* [Description of the task]: The first line of the entries through the line bearing "Poster Saint Tropez": copy these lines exactly and return nothing else.

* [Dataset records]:
---*---
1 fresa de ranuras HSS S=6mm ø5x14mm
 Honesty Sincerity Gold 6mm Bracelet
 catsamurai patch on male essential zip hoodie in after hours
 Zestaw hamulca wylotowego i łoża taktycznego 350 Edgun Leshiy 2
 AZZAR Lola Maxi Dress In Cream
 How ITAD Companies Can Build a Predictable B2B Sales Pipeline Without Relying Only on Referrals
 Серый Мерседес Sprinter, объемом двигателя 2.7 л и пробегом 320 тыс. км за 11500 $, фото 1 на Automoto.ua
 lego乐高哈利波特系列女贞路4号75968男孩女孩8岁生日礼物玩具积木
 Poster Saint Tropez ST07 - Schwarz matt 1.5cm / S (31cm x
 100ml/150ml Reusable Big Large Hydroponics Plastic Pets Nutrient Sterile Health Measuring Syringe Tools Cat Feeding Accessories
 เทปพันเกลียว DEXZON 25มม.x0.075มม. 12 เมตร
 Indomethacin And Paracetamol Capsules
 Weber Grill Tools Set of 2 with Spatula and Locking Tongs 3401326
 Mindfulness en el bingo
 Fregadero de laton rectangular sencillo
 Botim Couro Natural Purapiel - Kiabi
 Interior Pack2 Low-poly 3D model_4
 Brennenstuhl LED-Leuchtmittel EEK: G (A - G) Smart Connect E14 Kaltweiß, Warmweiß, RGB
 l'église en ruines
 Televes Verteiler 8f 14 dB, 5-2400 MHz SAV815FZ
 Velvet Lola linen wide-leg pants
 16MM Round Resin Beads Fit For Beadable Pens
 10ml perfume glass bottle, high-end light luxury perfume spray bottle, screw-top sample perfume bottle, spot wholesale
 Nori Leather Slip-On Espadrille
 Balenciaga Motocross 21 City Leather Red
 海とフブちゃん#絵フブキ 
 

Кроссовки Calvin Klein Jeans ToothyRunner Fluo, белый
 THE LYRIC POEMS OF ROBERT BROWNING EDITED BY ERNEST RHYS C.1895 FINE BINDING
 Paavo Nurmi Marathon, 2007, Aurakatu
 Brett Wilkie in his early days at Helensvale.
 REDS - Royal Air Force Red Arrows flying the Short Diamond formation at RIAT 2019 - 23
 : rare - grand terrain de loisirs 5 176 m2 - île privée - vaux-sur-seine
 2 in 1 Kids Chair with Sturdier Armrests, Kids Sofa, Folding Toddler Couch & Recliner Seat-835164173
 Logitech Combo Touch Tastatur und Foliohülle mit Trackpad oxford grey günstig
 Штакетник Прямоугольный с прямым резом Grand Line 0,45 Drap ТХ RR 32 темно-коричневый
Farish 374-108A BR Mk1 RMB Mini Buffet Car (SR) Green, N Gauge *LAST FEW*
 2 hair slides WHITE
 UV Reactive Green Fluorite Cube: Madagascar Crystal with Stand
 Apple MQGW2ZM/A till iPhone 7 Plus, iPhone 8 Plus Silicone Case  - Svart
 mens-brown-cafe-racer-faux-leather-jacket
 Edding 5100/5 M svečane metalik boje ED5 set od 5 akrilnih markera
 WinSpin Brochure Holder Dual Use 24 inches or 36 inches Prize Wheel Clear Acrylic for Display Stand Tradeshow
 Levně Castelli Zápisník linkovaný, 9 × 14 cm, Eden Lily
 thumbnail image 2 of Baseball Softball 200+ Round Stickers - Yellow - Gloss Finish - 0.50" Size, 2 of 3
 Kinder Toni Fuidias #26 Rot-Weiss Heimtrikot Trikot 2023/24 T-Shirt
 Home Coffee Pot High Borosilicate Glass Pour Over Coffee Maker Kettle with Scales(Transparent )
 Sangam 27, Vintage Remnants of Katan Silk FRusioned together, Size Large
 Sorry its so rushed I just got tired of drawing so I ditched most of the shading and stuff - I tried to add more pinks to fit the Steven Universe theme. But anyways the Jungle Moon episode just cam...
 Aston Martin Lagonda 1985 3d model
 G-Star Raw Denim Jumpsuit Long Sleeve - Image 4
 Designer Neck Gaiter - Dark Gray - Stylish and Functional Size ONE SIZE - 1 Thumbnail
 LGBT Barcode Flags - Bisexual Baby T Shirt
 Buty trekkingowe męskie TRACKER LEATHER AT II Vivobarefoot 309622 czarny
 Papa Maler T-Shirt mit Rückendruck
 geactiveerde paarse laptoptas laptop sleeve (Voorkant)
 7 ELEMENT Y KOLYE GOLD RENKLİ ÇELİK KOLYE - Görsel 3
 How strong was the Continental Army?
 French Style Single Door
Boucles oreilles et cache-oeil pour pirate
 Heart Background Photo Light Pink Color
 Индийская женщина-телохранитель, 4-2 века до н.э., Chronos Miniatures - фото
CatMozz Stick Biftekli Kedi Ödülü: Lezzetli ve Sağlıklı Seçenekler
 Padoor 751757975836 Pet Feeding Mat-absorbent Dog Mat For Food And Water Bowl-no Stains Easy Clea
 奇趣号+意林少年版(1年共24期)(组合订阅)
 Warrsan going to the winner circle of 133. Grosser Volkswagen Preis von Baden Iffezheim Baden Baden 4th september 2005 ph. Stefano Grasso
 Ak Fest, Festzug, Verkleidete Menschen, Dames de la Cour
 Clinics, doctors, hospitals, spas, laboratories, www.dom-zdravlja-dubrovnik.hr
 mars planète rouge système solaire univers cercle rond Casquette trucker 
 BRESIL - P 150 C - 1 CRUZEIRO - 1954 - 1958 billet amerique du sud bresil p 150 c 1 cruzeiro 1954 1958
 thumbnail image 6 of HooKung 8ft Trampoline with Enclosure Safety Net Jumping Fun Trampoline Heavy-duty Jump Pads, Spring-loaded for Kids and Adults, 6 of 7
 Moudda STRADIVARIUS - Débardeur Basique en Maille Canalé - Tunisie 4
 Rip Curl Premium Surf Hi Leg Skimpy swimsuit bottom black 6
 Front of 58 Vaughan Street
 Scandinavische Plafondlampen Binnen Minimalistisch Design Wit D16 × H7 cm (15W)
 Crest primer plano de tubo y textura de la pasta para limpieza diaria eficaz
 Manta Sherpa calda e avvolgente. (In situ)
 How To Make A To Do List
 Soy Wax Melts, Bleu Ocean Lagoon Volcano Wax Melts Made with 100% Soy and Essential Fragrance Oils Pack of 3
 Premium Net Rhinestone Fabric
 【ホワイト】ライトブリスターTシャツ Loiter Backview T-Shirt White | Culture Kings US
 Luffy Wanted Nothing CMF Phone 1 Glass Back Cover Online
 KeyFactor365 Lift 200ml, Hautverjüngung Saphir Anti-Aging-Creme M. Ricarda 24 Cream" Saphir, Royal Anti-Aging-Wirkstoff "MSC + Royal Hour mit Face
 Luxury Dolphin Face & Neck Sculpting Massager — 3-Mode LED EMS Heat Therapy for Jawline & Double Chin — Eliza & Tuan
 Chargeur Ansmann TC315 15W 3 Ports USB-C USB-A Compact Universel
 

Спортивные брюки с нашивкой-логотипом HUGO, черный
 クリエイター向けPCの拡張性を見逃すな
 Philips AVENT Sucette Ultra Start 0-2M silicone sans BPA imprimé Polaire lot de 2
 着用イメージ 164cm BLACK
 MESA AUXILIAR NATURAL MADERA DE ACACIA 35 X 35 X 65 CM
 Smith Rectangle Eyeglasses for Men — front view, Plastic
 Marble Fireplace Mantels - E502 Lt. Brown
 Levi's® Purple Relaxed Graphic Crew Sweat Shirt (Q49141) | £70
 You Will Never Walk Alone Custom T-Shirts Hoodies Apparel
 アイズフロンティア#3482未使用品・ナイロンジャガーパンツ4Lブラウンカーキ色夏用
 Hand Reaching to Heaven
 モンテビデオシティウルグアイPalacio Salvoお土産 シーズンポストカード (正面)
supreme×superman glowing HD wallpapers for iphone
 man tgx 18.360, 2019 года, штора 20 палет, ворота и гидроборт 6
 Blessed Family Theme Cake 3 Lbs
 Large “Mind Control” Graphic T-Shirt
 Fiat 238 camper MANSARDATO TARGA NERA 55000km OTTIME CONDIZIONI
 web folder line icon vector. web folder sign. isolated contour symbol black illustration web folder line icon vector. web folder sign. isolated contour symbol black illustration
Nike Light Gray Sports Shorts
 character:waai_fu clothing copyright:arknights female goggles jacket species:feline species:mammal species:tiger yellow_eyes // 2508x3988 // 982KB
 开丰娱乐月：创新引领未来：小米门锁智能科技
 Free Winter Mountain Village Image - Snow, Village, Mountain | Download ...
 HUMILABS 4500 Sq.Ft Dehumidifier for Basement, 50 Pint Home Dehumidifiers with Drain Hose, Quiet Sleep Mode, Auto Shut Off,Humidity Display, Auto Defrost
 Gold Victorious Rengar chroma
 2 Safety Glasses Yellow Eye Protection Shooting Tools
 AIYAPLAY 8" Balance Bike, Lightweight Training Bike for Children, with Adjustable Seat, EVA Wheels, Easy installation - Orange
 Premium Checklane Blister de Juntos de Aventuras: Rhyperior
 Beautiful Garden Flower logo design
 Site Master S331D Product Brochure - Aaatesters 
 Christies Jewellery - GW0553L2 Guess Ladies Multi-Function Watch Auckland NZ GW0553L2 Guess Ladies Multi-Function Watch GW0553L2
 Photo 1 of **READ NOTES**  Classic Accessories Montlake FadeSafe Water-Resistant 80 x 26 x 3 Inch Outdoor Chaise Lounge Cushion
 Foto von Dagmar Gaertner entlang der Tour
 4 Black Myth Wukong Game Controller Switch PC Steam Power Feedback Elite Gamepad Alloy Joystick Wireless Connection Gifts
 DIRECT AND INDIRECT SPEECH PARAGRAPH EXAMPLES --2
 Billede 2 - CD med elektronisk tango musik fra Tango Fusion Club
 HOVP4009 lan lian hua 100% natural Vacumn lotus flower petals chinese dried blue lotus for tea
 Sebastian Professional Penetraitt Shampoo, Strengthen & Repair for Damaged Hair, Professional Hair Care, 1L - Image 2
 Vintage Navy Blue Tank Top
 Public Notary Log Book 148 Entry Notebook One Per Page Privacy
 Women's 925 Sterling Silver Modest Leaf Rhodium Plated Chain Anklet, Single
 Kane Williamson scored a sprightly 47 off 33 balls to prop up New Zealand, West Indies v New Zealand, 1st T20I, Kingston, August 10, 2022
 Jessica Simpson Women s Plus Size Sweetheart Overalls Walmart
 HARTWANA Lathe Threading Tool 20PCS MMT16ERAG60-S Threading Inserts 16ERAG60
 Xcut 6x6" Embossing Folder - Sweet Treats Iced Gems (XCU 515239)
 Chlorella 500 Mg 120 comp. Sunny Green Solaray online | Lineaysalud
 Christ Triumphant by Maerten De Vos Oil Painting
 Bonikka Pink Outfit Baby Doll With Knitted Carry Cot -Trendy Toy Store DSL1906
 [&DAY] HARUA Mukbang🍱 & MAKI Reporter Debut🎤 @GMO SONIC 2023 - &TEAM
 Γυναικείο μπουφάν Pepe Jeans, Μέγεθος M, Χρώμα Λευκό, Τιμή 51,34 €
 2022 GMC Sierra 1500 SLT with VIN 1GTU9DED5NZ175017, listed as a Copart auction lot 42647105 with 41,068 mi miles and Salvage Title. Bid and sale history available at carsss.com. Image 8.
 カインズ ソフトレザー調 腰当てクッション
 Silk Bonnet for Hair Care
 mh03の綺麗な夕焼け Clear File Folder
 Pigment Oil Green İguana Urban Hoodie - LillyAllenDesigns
---*---
* [Result of this exercise]:
1 fresa de ranuras HSS S=6mm ø5x14mm
 Honesty Sincerity Gold 6mm Bracelet
 catsamurai patch on male essential zip hoodie in after hours
 Zestaw hamulca wylotowego i łoża taktycznego 350 Edgun Leshiy 2
 AZZAR Lola Maxi Dress In Cream
 How ITAD Companies Can Build a Predictable B2B Sales Pipeline Without Relying Only on Referrals
 Серый Мерседес Sprinter, объемом двигателя 2.7 л и пробегом 320 тыс. км за 11500 $, фото 1 на Automoto.ua
 lego乐高哈利波特系列女贞路4号75968男孩女孩8岁生日礼物玩具积木
 Poster Saint Tropez ST07 - Schwarz matt 1.5cm / S (31cm x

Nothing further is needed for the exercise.